What you should do: The required output is the line with "There are many" plus all lines that follow it to the end of the listing below, written out exactly, with no pictures.

Dataset extract:

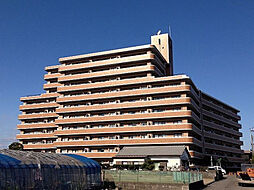 フラワーマンション神宮北 7階部分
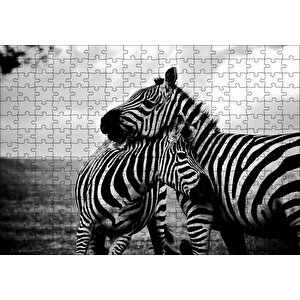Anne Zebra Ve Yavrusu Siyah Beyaz Puzzle Yapboz Mdf Ahşap 255 Parça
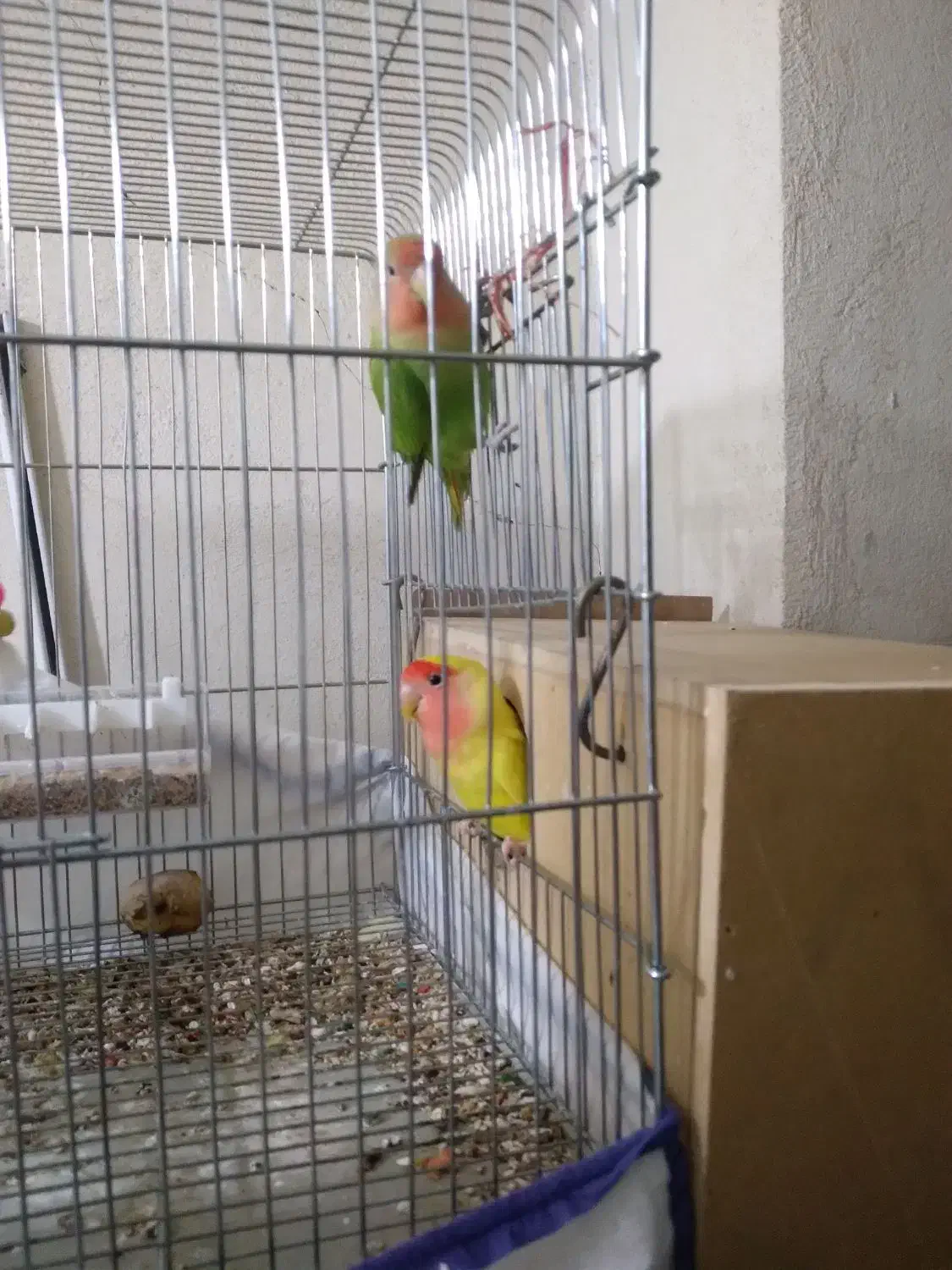 یه جفت طوطی برزیلی مولد|پرنده|کنگاور, |دیوار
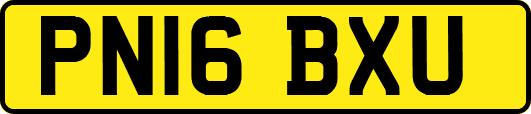 PN16BXU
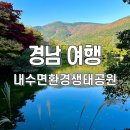 내수면환경생태공원주차장 | 진해 내수면환경생태공원 부산 근교 드라이브 나들이 가볼만한곳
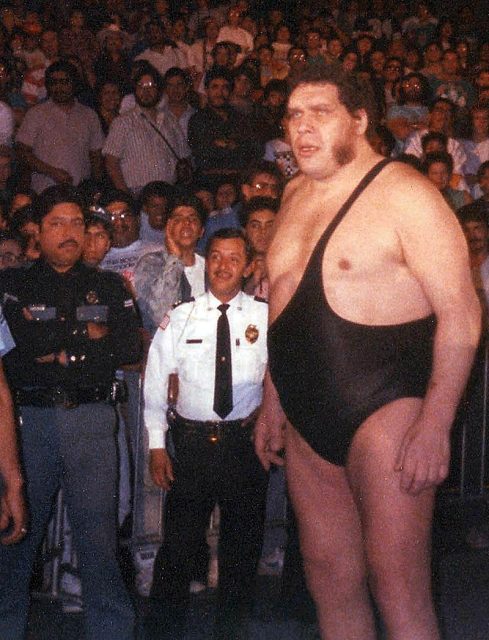 Professional wrestler André the Giant walking to the ring in the late 1980s. Photo by John McKeon CC BY-SA 2.0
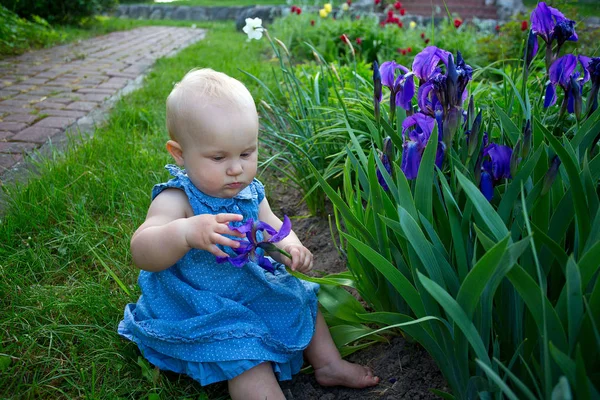 Мила Дівчинка Квіти Ірису Ростуть — стокове фото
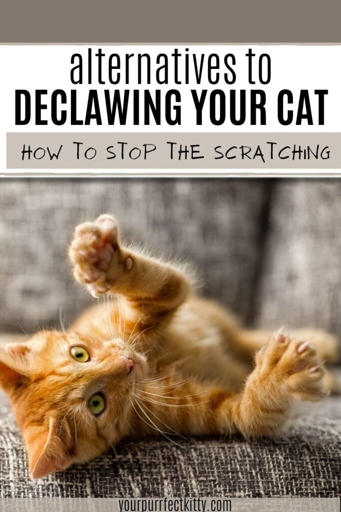 There are many alternatives to declawing a cat, one of which is to keep your cat entertained.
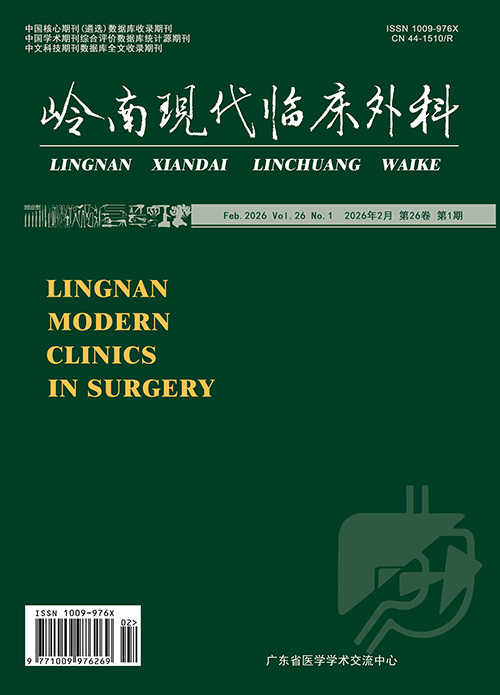 岭南现代临床外科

Answer box:
 There are many alternatives to declawing a cat, one of which is to keep your cat entertained.
 岭南现代临床外科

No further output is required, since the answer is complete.